#### Your instructions
Transcribe, leaving out every picture, the lines that run from the start of the listing below through the line with "Miss Rola-Perruque Brésilienne".

START Information supplied

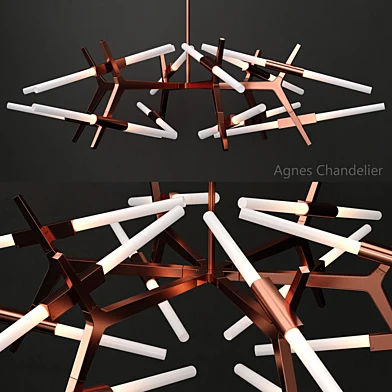 Agnes Chandelier 24 lights COPPER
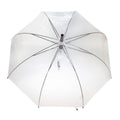 Clear-Black - Back - X-Brella Unisex Adults 23in Clear Canopy Stick Umbrella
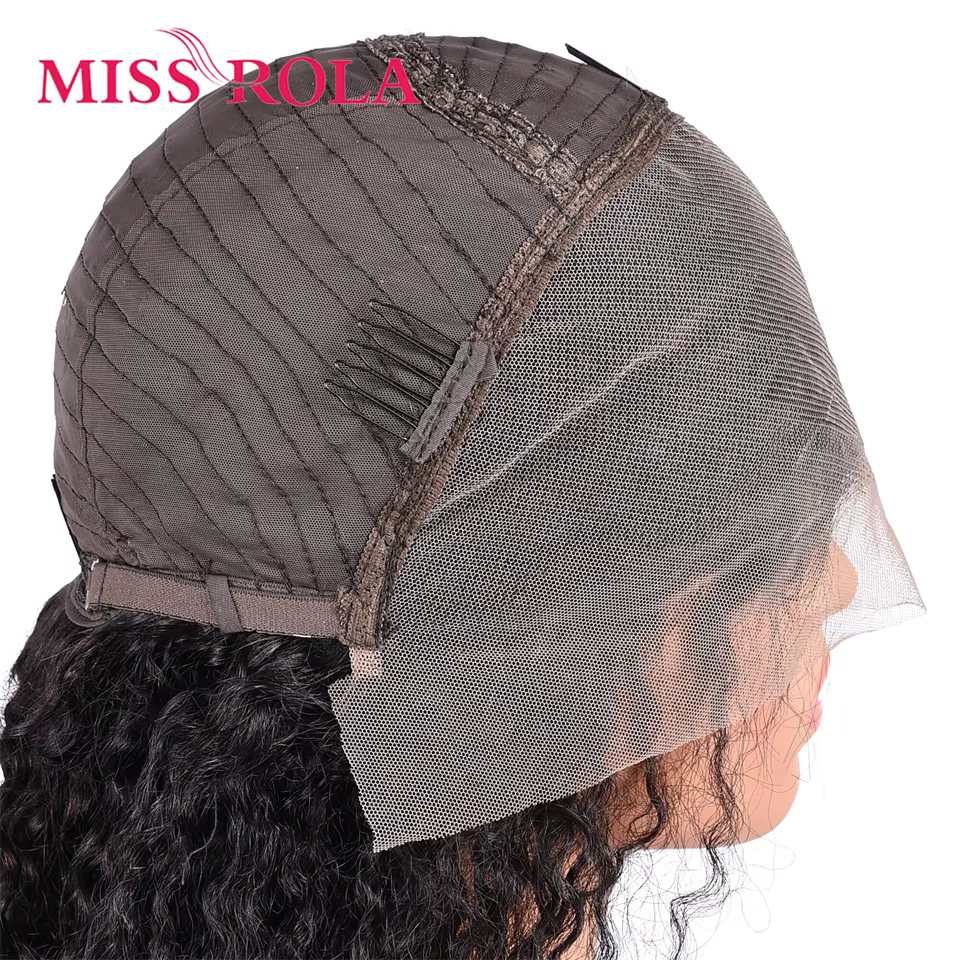 Miss Rola-Perruque Brésilienne Bouclée, Cheveux Naturels Remy, Coupe Pixie, Balayage Noir 99J, 13x4, 12A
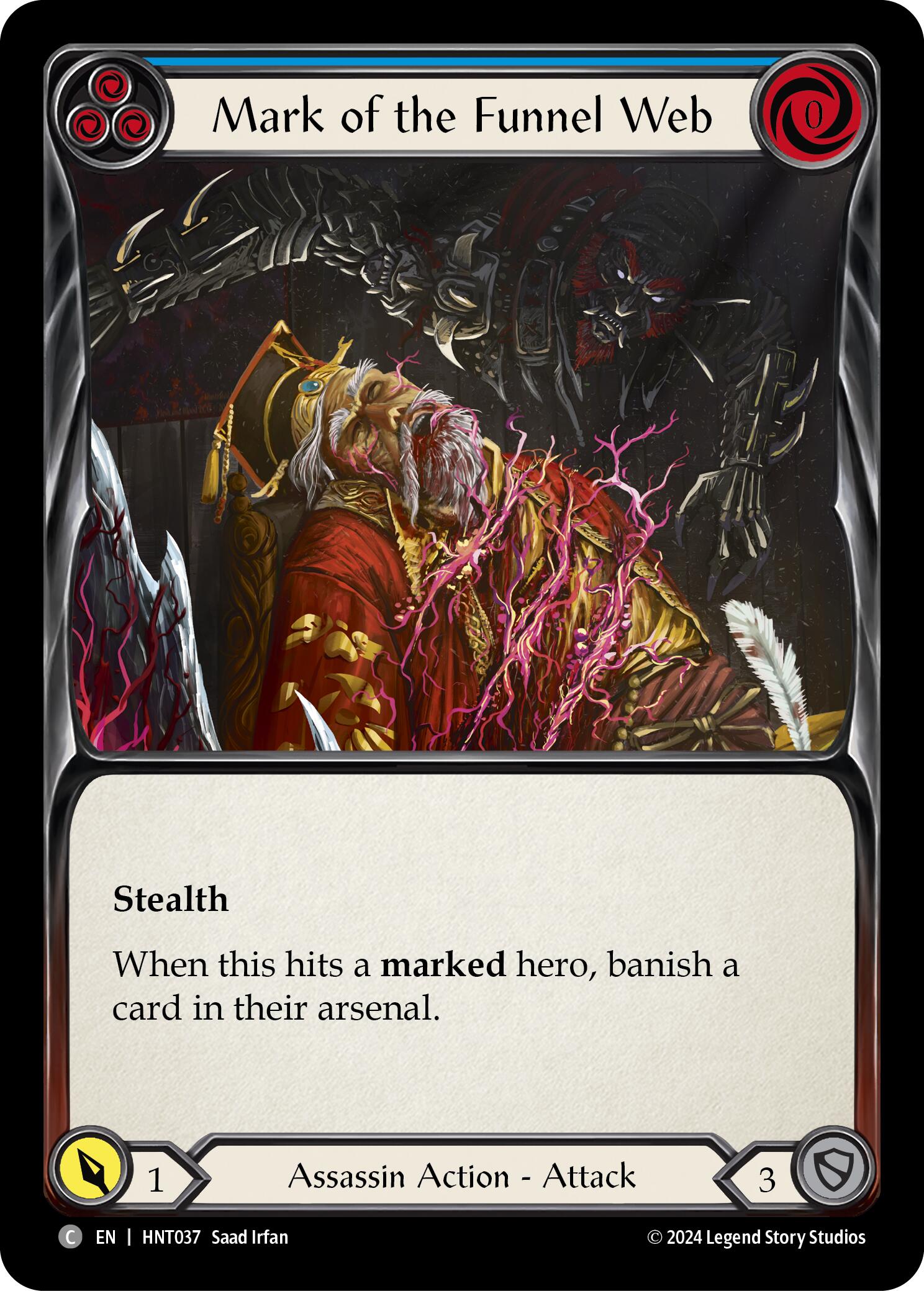 Mark of the Funnel Web (Blue) [HNT037] (The Hunted)  Rainbow Foil | GnG Games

END Information supplied

#### Written answer
 Agnes Chandelier 24 lights COPPER
 Clear-Black - Back - X-Brella Unisex Adults 23in Clear Canopy Stick Umbrella
 Miss Rola-Perruque Brésilienne Bouclée, Cheveux Naturels Remy, Coupe Pixie, Balayage Noir 99J, 13x4, 12A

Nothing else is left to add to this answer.